DÜNYADA KADIN SEYİS ORANI YÜZDE 95, TÜRKİYE’DE SIFIR

◊ Yezdan Bey sizi tanıyabilir miyim?
- Yezdan Uzunoğlu: Elazığ Gıda, Tarım ve Hayvancılık Bakanlığı İl Müdürlüğü proje biriminde veteriner olarak çalışıyorum. Bu projenin hem yazarı hem de eğitimcisiyim. Şu anda da koordinatörlük yapıyorum.
◊ Nasıl gidiyor eğitimler?
- İyi gidiyor. 42 kursiyerimizle 6 Mart’ta bu projeye başladık. 360 saatlik bir eğitim modülümüz var. At yarışı yönetmenliğine göre bu eğitimleri yürütüyoruz.
Şu anda İstanbul’da Veliefendi Hipodromu’nda 1 hafta pratik uygulama eğitimi için bulunuyoruz. Türkiye Jokey Kulübü proje ortağımız. Gıda, Tarım ve Hayvancılık Bakanlığı İl Müdürümüz Turan Karahan’ın çok emeği var. Bu projeyi gerçekten çok sahiplendi ve elinden geleni yapıyor.
◊ Türkiye’de bu projenin ya da bir benzerinin ikinci bir örneği var mı?
- Kadın seyis var ama lisanslı olarak yok. Bu arkadaşlarımız Türkiye’nin ilk lisanslı kadın seyisleri olacaklar. 10 Mayıs’ta hem uygulamalı hem de teorik bir sınav yapacağız.
Lisans alabilmeleri için sınavdan 100 üzerinden en az 60 almak zorundalar. Sınavı geçenler lisanslarını alabilecekler. Mayısın ilk haftasında birebir mülakatla seçtiğimiz 8 kursiyerimiz Prag’a gidecek ve orada 1 hafta eğitime katılacaklar.
◊ Bu proje tek seferlik mi olacak?
- Bakanlığımız talep olduğu sürece bu eğitimi vermeye devam edecek.
◊ Bu kadar talep bekliyor muydunuz?
- Evet. Bu konuda şüphemiz yoktu. Biz sadece pırlantanın toprakta olduğunu gördük ve aldık. Şimdi sadece biraz parlatıyoruz. Ben tüm arkadaşlarıma çok güveniyorum. Hepsinin çok başarılı olacağını düşünüyoruz.
◊ Arkadaşlar lisanslı kadın seyis sayısının dünyada çok fazla olduğunu söyledi. Bununla ilgili elinizde bir veri var mı?
- Projeye başlamamızdaki en büyük faktörlerden biri buydu. İngiltere, Fransa, Avustralya, Amerika ve İrlanda gibi ülkelerde lisanslı kadın seyis oranı yüzde 80 ile 95 arasında değişiyor. Maalesef Türkiye’de hiç yok. Kırsalda kadınlara tarım dışında bir iş olağanı yaratmak istedik.

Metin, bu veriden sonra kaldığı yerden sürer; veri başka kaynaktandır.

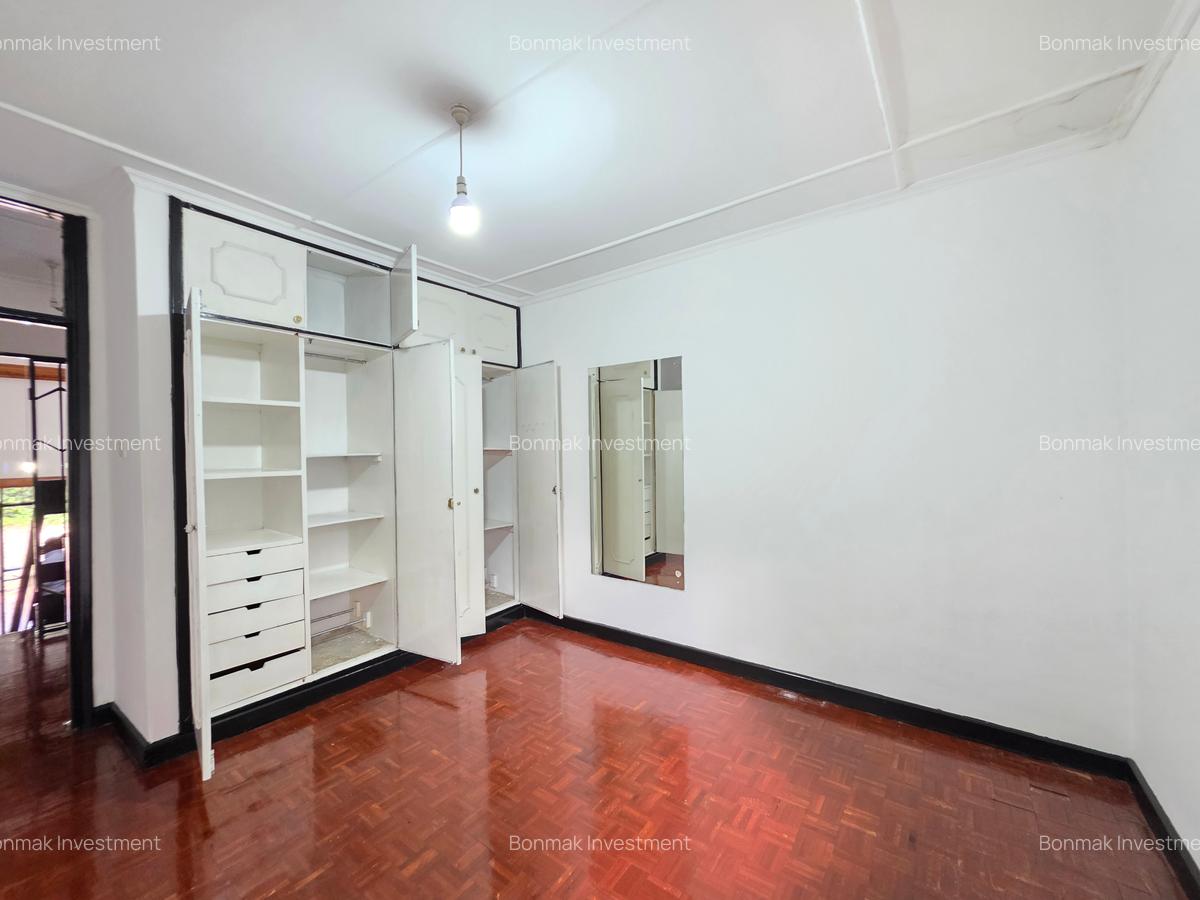 4 Bed Townhouse with En Suite at Near Lavington Mall. - 10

EN ÇOK LATiNCE KELiMELERDE ZORLANDILAR

◊ Türkiye’de olmamasının sizce temel sebebi nedir?
- İnsanların bakış açısıyla ilgili. Erkek egemen bir toplum olduğu için seyislik erkek işi gibi algılanmış. Eğitimlerde arkadaşlarımızda ciddi bir potansiyel olduğunu görüyoruz.
◊ Kriterleriniz var mıydı?
- 18-40 yaşında arasında, 80 kilonun altında, ilkokul mezunu, sağlık problemi olmayan kişileri seçtik. Bu maddeler zaten yönetmeliğimizde var. Bir de herkesten adli sicil kaydı istedik.
◊ Eğitimlerde en çok nelerde zorlandılar?
- Teorik derslerde en çok Latince’de zorlandılar. Atın anatomisinden bahsederken Latince kelimeler kullanıyorum. İlk başta çok yadırgadılar bu kelimeleri.
İlk günde atlarla ilgili ne düşünüyorsunuz diye bir kompozisyon yazmalarını istedim. Sonra yazdıklarına bakınca attan biraz korktuklarını gördüm.
Sonra buradaki Ekrem Kurt Apranti Eğitim Merkezi’ne geldik. Burada Psikolog Bercis Merdanoğlu 3 günlük bir psikoloji eğitimi verdi. Eğitim sonrasında arkadaşlarda özgüven patlaması oldu.

BERCİS MERDANOĞLU
KADINLARIN ATLA İLGİLENMESİ GENLERİNDE VAR

◊ Bercis Hanım, bu arkadaşları nasıl cesaretlendirdiniz?
- Bedensel olarak nasıl algılandıkları ile ilgili bir çalışma yaptık ve birbirimize geri bildirimlerde bulunduk.
Ortaya çıkan sonuçlar kendi korkularıydı. Bunun bedenlerine olan yansımasını tespit edip farkındalık sağladık. Mesela hiçbiri attan düşmemişti ama bir düşme korkusu vardı. Ortaya çıkan bu tip korkuların üzerine gittik. Sonra da Türk kadınının ninelerinin yaptığı bu önemli mesleği yapabileceklerine inanmalarını sağladık.
◊ Kaç saat birlikte vakit geçirdiniz?
- 6 saat bir aradaydık. Duygu kırılması yaşandıktan sonra her şey kolaylıkla oldu. Kadınların atlarla ilgilenmesinin, yarış atlarının gerçek potansiyellerinin ortaya çıkmasını ve yetiştiriciliği etkileyeceğini düşünüyorum.
Sadece lisans döneminde kadınlarımız bu meslekten uzak kalmış. Kadın seyislerimize “Genlerinizde taşıdığınız bu ata mirasımızı, dokunduğunuz anda hissedeceksiniz, ama lütfen hissetmeye çalışın” dedim. Hissettikleri anda biliyorum ki o bağı kuracaklar.